Captioned web image data
--- START ---
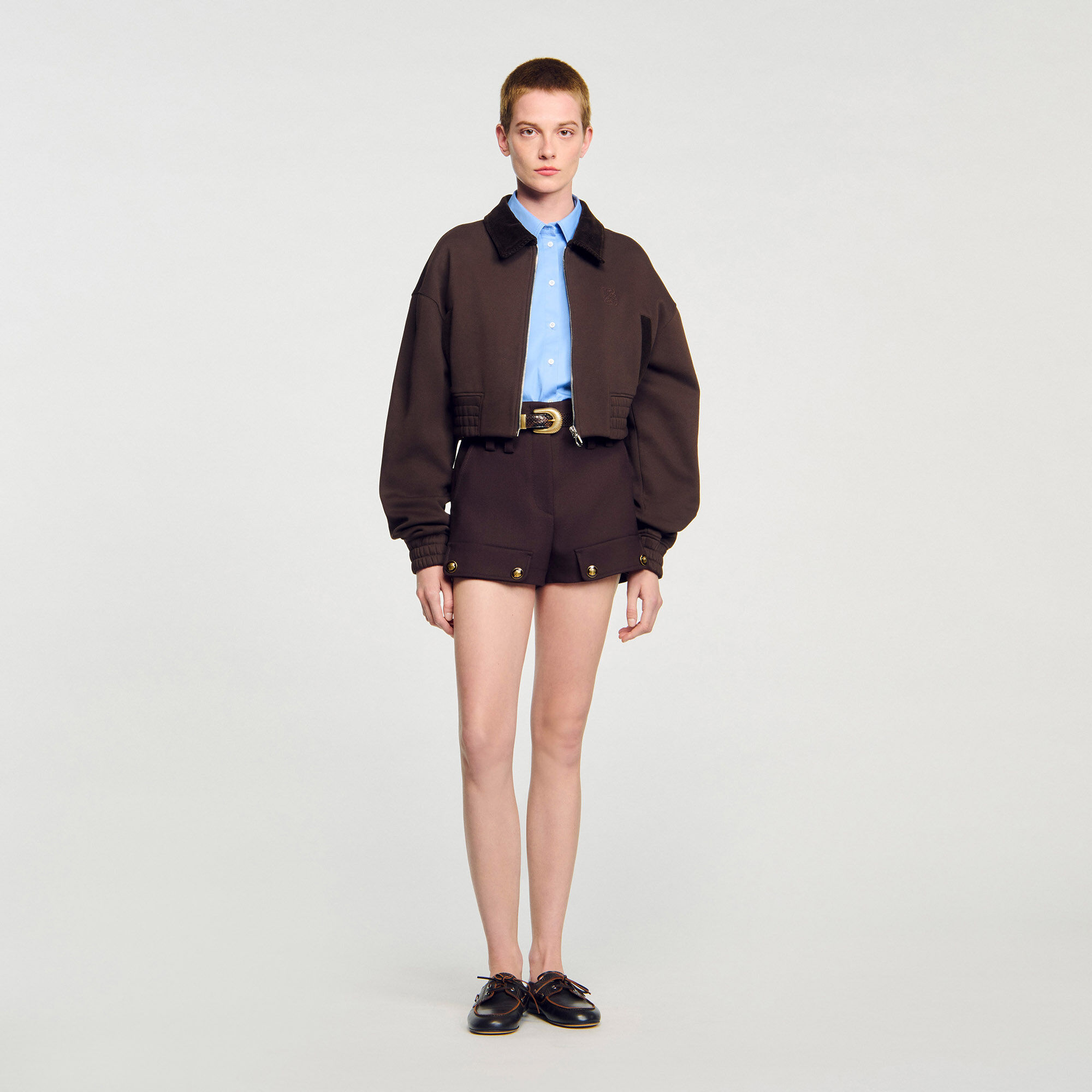 Kort sweatshirt bi-materiaal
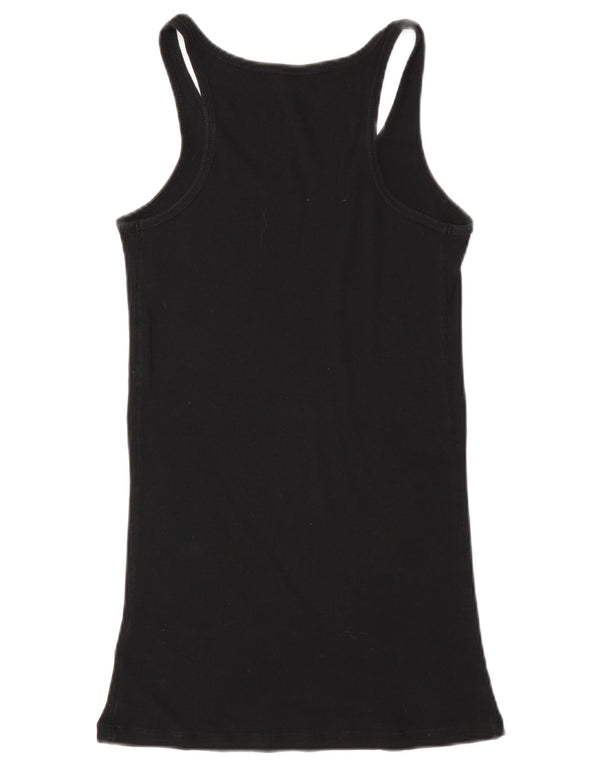 Guess Kvinders Grafisk Vest Top UK 8 Small Black Bomuld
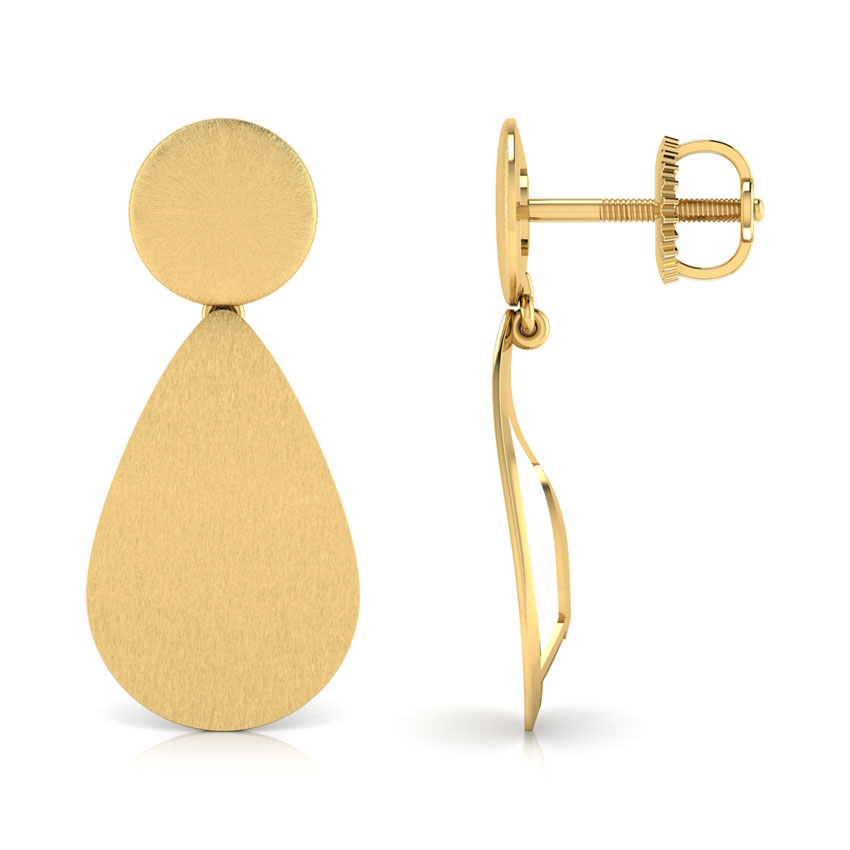 Gold Earrings 18 Karat Yellow Gold Tia Stamped Drop Earrings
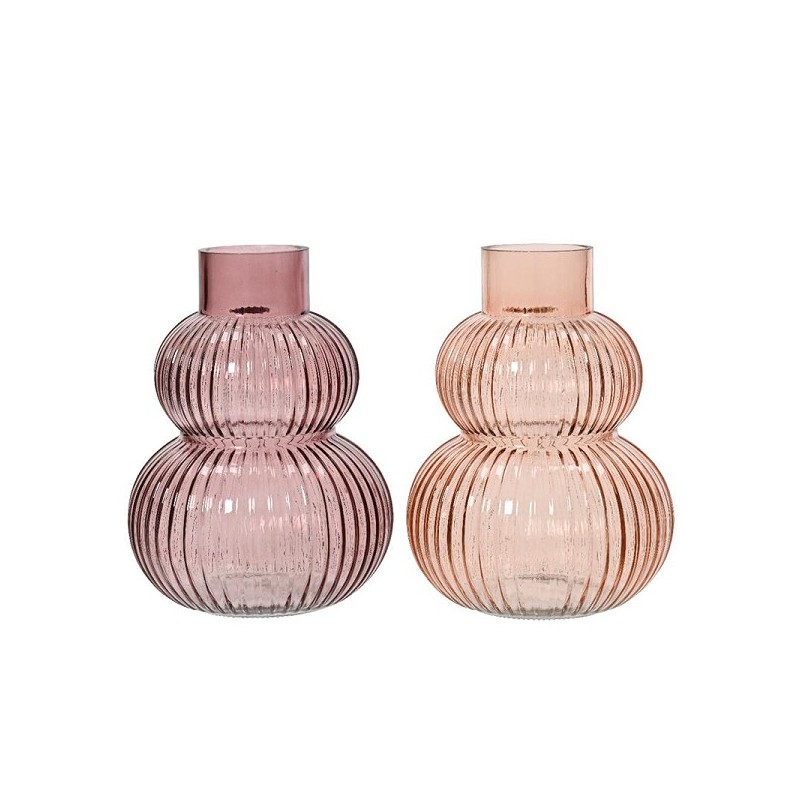 Decoris Vaas glas ribbel H20cm Roze of Licht Roze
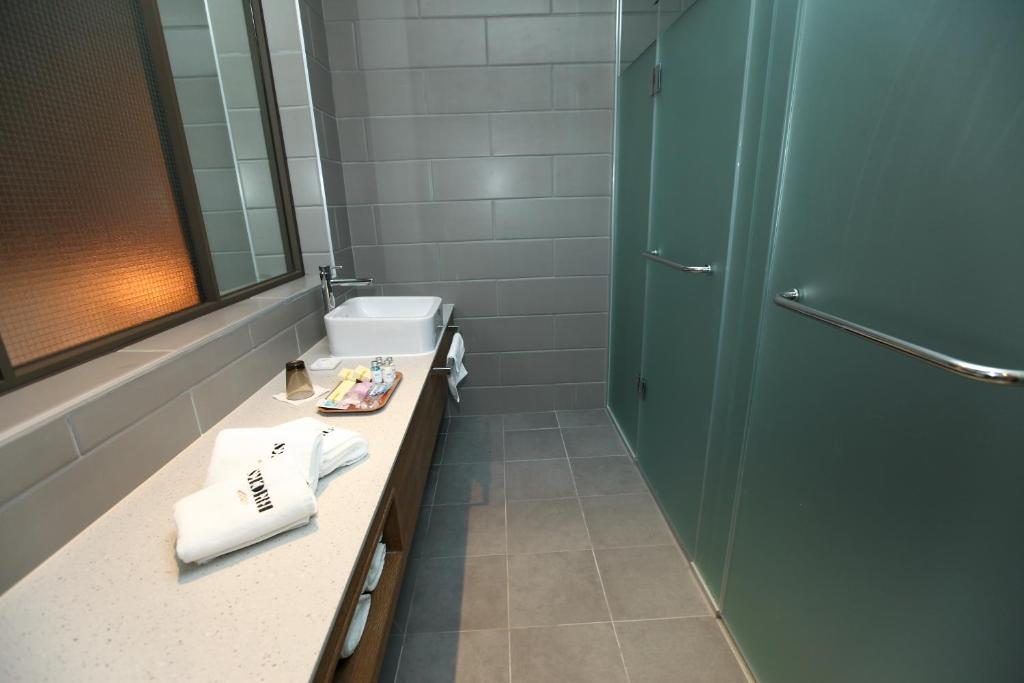 Koupelna v ubytování Bricks Hotel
--- END ---
Exercise goal: Set out, exactly as given, the line that contains "Gold Earrings 18" along with each line after it through the end of the records above; omit the pictures.

Answer space:
 Gold Earrings 18 Karat Yellow Gold Tia Stamped Drop Earrings
 Decoris Vaas glas ribbel H20cm Roze of Licht Roze
 Koupelna v ubytování Bricks Hotel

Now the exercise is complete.